Post Edited (MarkS) : 4/20/2009 6:24:03 AM GMT

Larry

Air muscles themselves are pretty easy to make from latex or silicone tubing and Poly wire loom. The issue might then be the solenoid air valves, but I've gotten those in CNC surplus houses for only $5-$10 each. They are usually 24 volt but many work at 18v. I run them off of power drill batteries. As for air, you can go a Long way with a pressure tank and regulator. If you measure power to weight ratios, it might be better than Batteries.

some links:
www.thirdwave.de/3w/tech/actuators/mckibben.pdf
brl.ee.washington.edu/Research_Past/Biologically_Based/Device_01_McKibben/Mckibben.html
brl.ee.washington.edu/Research_Past/Biologically_Based/Device_01_McKibben/Mckibben_Costruction.html

And video of them in action:

www.youtube.com/watch?v=pDvDfJL3--0
www.youtube.com/watch?v=YJbl61WmLoU&feature=related

MarkS

Solenoids are great for full-on and full-off applications, but not for precise flow control. For that, you'd need a proportional valve and they are not cheap. I have thought about making my own air muscles and they are simple to make, but I'm concerned about how well I can construct them. Sealing the ends of the tubes while still allowing air in and out and at the same time devising some sort of attachment system, all the while ensuring that the muscle can withstand thousands of cycles and the weight of the robot is no small feat.

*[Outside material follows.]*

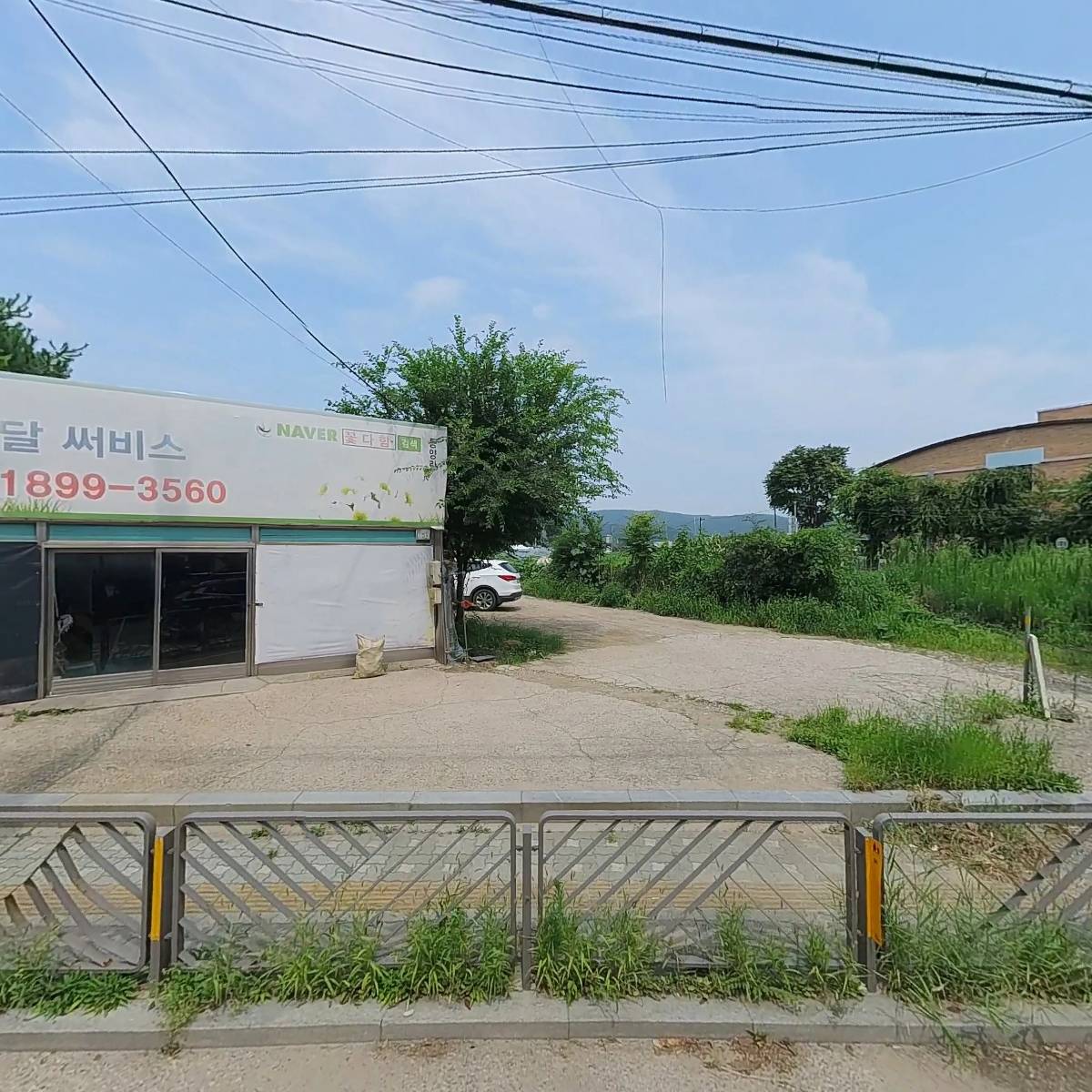 무난한_3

I'd have to have small parts machined and that will probably end up costing more than a commercially available muscle.

I really have given the motion control a great deal of thought. I've weighed the pros and cons of each different type of system and have gone back and forth between them all, but I keep ending up at a simple motor-based system. It is simply the cheapest and easiest system to construct.

Anyway, I think my original question has been answered.